The data provided can be used to make informed decisions for the purpose of planning the lighting for an aquarium. In my experience, for most practical purposes PAR values of about 60-80 micromoles/m2/sec at the bottom of the tank are usually an indicator of adequate light to keep most of the higher light loving SPS in the top half to two-thirds of the tank, with the bottom third of the tank for the lower light corals. Also keep in mind the two properties of light (1) The light intensity and spread can be changed by raising or lowering the light. Raising the lights will reduce the peak intensity while increasing the spread of the light, and similarly lowering the light will increase peak intensity while reducing the spread. (2) Light is additive – adding a second fixture will double the light intensity in the areas of overlap.
For the purpose of comparison, all plots (except for the Ecoray 72DX and Orphek Atlantik narrow optics – increments of 50) are plotted on the same scale with increments of 20. Also while making comparison’s note that the power consumption on the LEDs is not the same. For example the Orphek Atlantik v2.1B draws almost 206W of power, compared to the 93W of the MX80 pendant. Assuming equal efficiencies in the best case, a higher power consuming light will have a higher output.
Rather than using the data to make outright claims that one light is better than the other, a more useful approach is to use the data to infer the potential use situation for the lights. The Ecoray 72DX and the Orphek Atlantik v2.1B with 90 degree optics are designed with fairly narrow optics and tends to focus the light into a smaller area as compared to the other LEDs tested here. Hence the PAR values are considerably higher at 24″ and 30″. To get a larger spread these lights would have to be mounted much higher, or they can be used to light deeper tanks more effectively. The Orphek Pendant drawing 102W and the Halo MX80 Pendant drawing 93 Watts are fairly close in power consumption, with the Orphek providing a larger spread with larger area of higher intensities. Additionally, the Orphek provides a wider range of spectrums in the LED mix. The Orphek Atlantik v2.1B with wide optics is an excellent option for wide tanks. As seen from the data, there is an almost 30″x36″ coverage of area where the light intensity is greater than 80 micromoles/m2/sec, while still achieving high intensity of over 120 at 30″ away. Other factors that may be considered while comparing the lights is the controllability and features provided by the various lights, along with the costs.

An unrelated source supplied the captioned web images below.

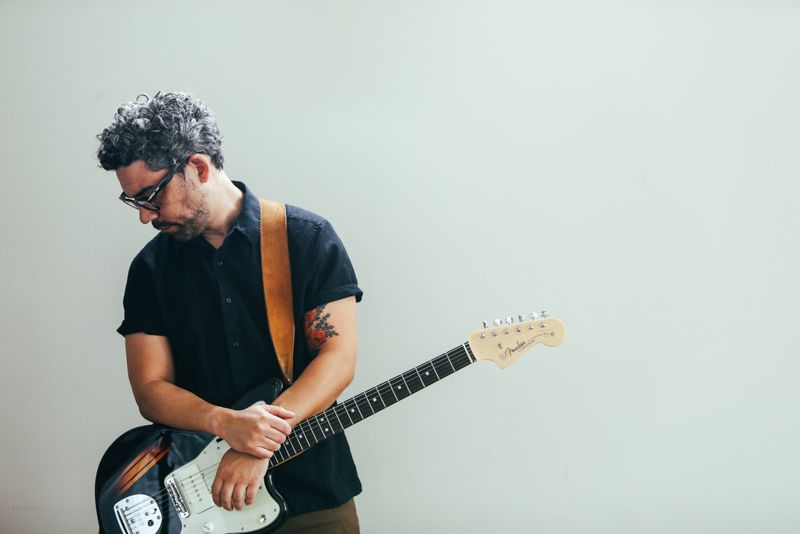 Photos: THE ALBERT SQUARE Releases Sophomore Album I (WISH I COULD) TALK TO PEOPLE — photo 3 of 5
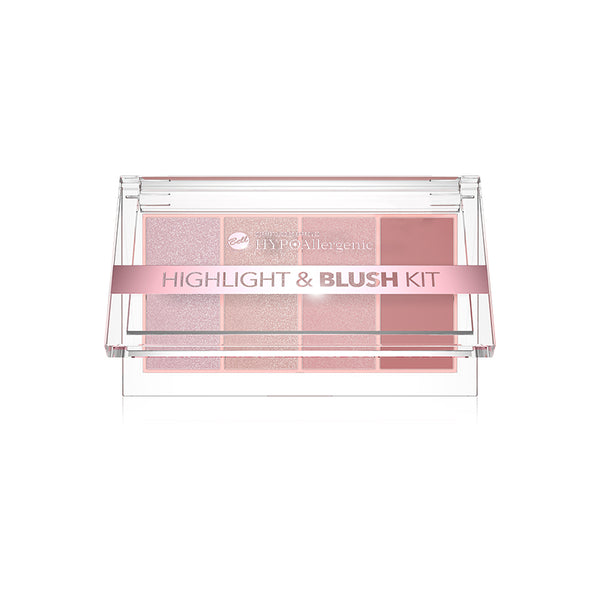 HYPOAllergenic highlight & blush kit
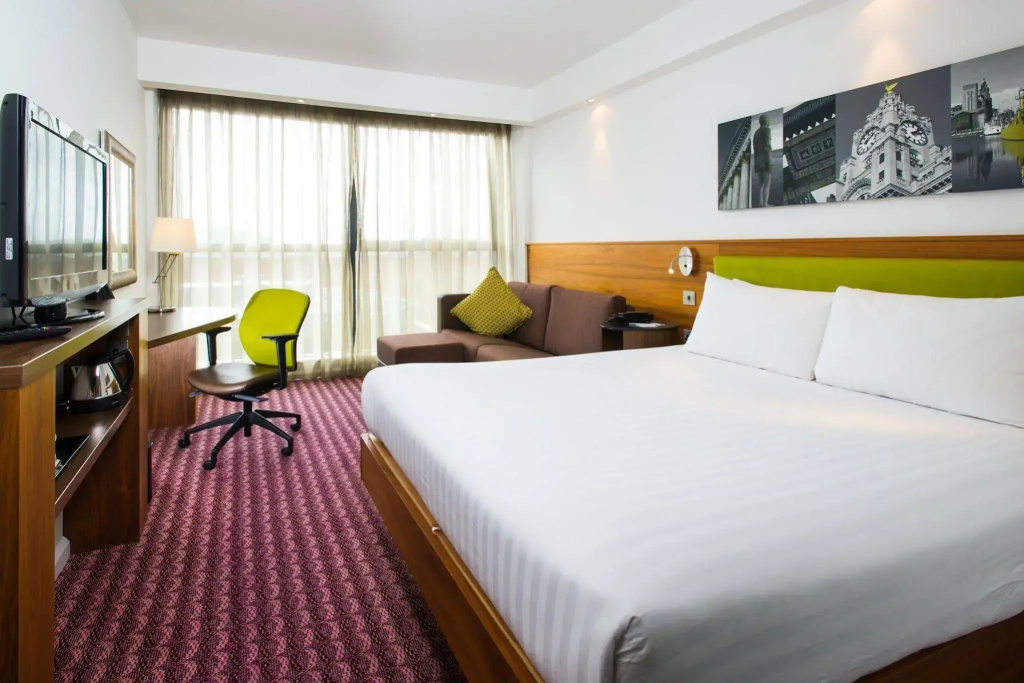Hampton by Hilton Liverpool City Center - Général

An important criteria that should not be ignored is the ability of the manufacturer to provide service.
LED lighting has come a long away in the last few years. The data clearly shows that there are wide range of LEDs that can adequately provide the lighting requirements for keeping and growing coral and using the data provided can be used to select a lighting system that would meet the needs of the user.